▶ _DESCRIPTION OF THE TASK_: Leaving the pictures aside, repeat every line below exactly.

▶ _DATASET SECTION_:
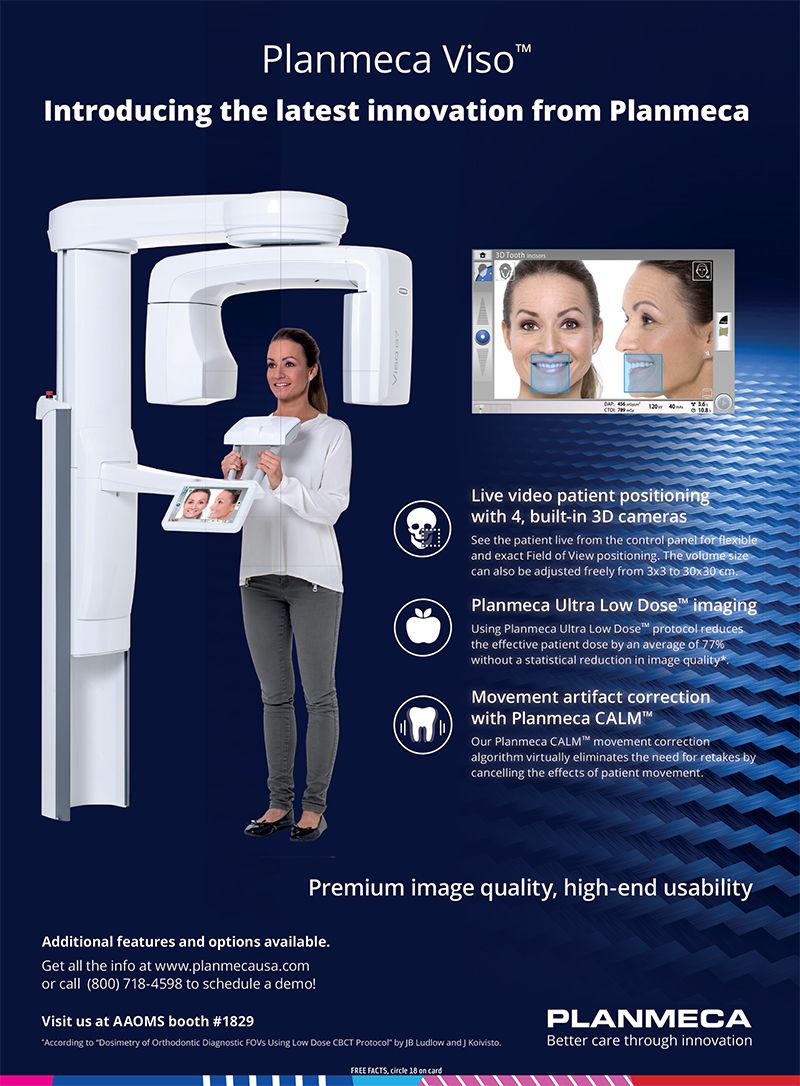 The Planmeca Viso G7 cone-beam scanner in the office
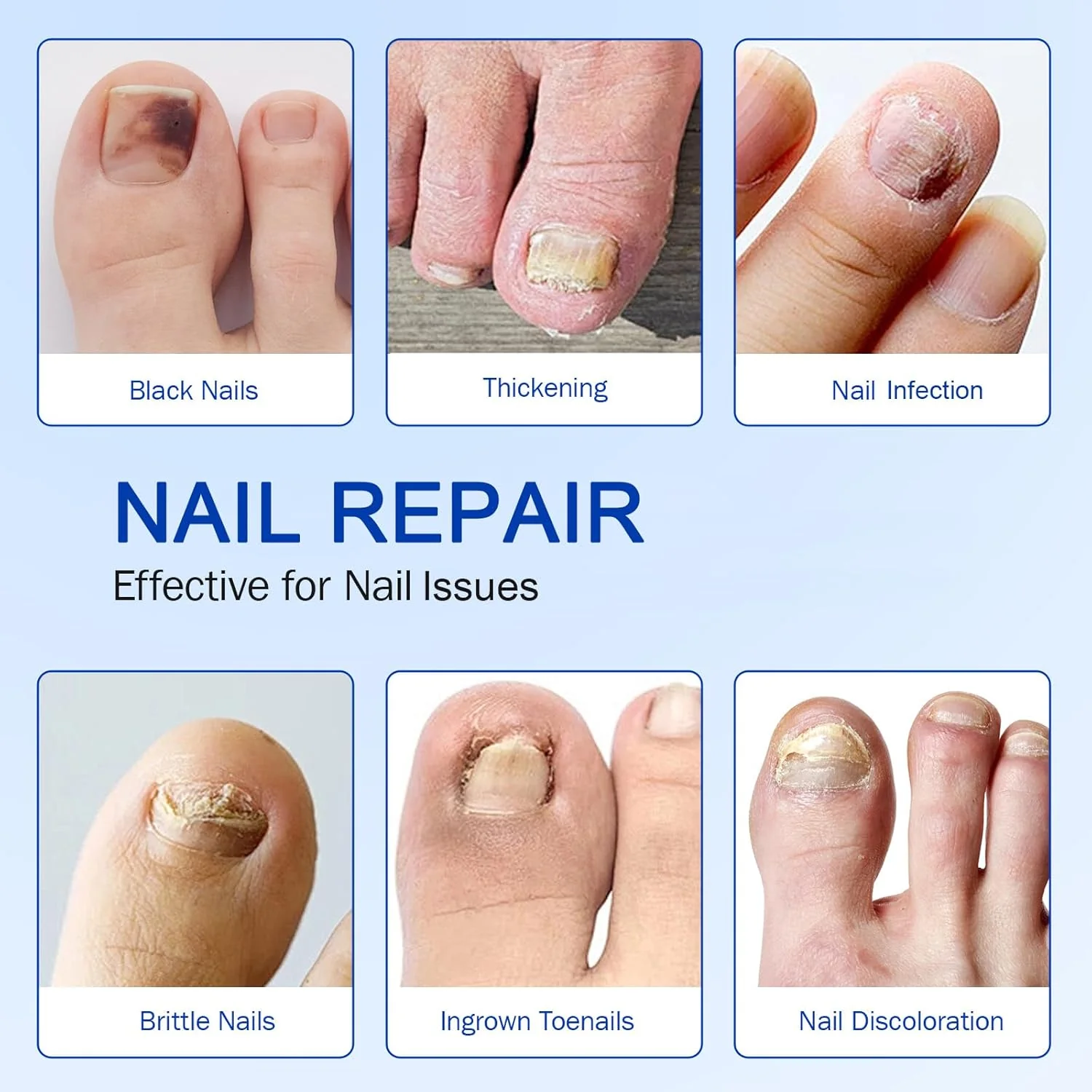 Nail Fungus Patches | Antifungal Nail Care | Overnight Repair | Nailox - Image 6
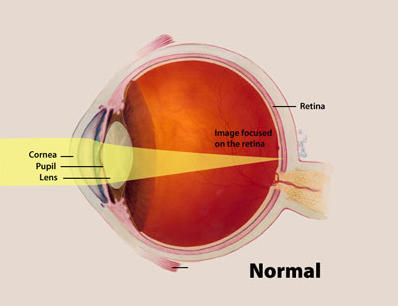 Image of Normal Eye Showing How Images Focus on the Retina licensed as U.S. Government Works, see https://www.usa.gov/government-work 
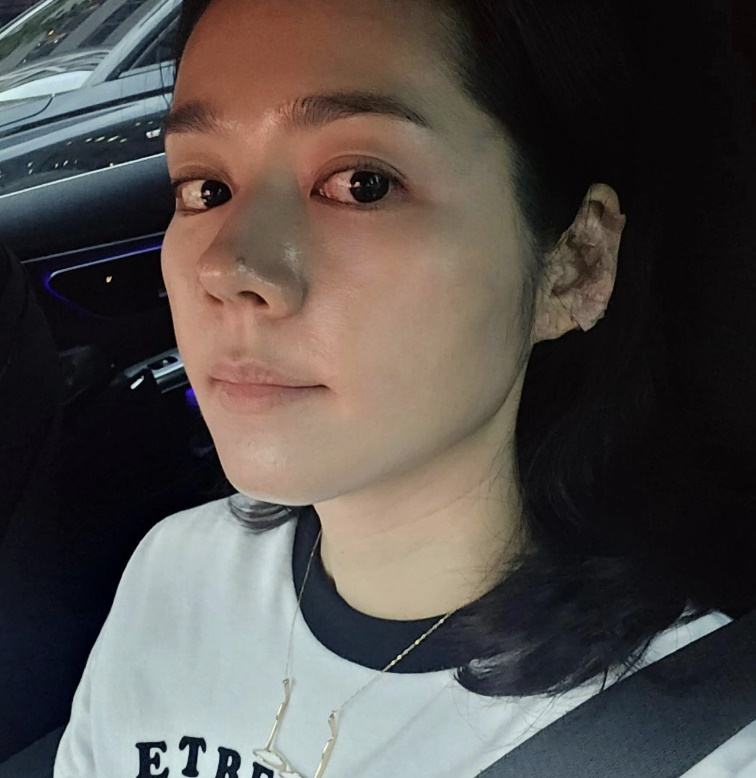 연정훈♥ 한가인 컨디션 너무 안 좋아 결국 이 요법까지…걱정 쇄도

▶ _ANSWER BELOW_:
 The Planmeca Viso G7 cone-beam scanner in the office
 Nail Fungus Patches | Antifungal Nail Care | Overnight Repair | Nailox - Image 6
 Image of Normal Eye Showing How Images Focus on the Retina licensed as U.S. Government Works, see https://www.usa.gov/government-work 
 연정훈♥ 한가인 컨디션 너무 안 좋아 결국 이 요법까지…걱정 쇄도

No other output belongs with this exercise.